The Parliamentary chaos of the 1970’s – hung parliaments, fragile alliances and lost divisions which predated the dawn of Mrs Thatcher – make for a tale hard to believe now . Even with 2016 Labour in chaos again and rebel-ridden Tories in precarious authority. James Graham wrote this astonishingly perceptive, funny, and thoughtful reconstruction of the mid-70s years, focused on the wrangling in the Whips’ offices and it was first seen in 2010 (Coalition years) in the NT’s little Cottesloe, with the front row seated on green Parliamentary benches. Even then, dazzled by young James Graham’s achievement, I wrote that it would last longer than the half-dozen chaotic years it depicted.
When it moved to the Olivier, and the Speaker’s Procession in full rig came up the central aisle, its meaning suddenly deepened because the pomp reminded us that these furious combatants were actually – gulp! – running a real country, with real people working, striking , living and dying in it. I said this to Nicholas Hytner who mused “Yes, it turned out to be a bigger play than we thought”. So now at last it reaches the West End: brave for a commercial theatre because it needs an enormous cast. Even with the doubling and trebling of numerous roles, there were sixteen players in the Garrick. Jeremy Herrin has them flowing nimbly around an evocative WEstminster stage (Big Ben overhead, a Speaker’s chair reappearing, an iron stair, offices: at one striking point lighting turns it all into the echoing medievalism of Westminster Hall and its angels).
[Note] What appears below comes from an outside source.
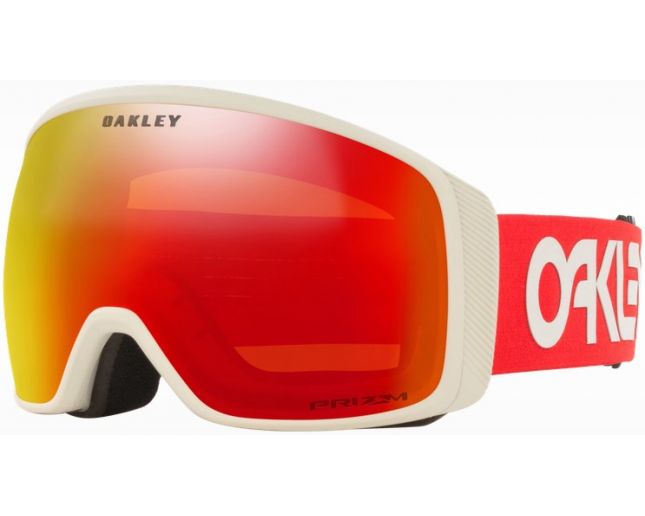 Oakley Flight Tracker XL Factory Pilot Viper Red Grey-Prizm Snow Torch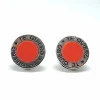 Online Pendientes De Plata De Ley Te Quiero Rojos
Some lucky audience are in the gallery or on benches; sometimes MPs are down by the front row or yelling from boxes.
It still bites, perhaps even more now that Labour is in disarray, the SNP ascendant, and Conservative rebels rolling up their sleeves to destabilize the old order still further. Graham has fun with the old 1970’s dualism, real, in the pre-Blair years: a Tory Chief Whip despising “Foul-mouthed, brutish, trade unionist thugs” , his Labour opponent jeering about “silver spoons in their mouths and rods up their arses”. It is more noticeable though how artfully he acknowledged the blurring which was already under way: Steffan Rhoddri’s Labour deputy chief whip listening to Wagner on his own, NAthaniel Parker’s engagingly smooth Weatherill on the other side finding Coronation Street entertaining, much to the horror of the peerlessly funny silver-fox ur-Tory Sir Humphrey Atkins ( Malcolm Sinclair). Mean while the new Chingford member (Tebbitt!) is winced at as “an egg and chips man” and ever more Labour members are not battered, noble old miners and steelworkers but thrusting young Blairish lawyers.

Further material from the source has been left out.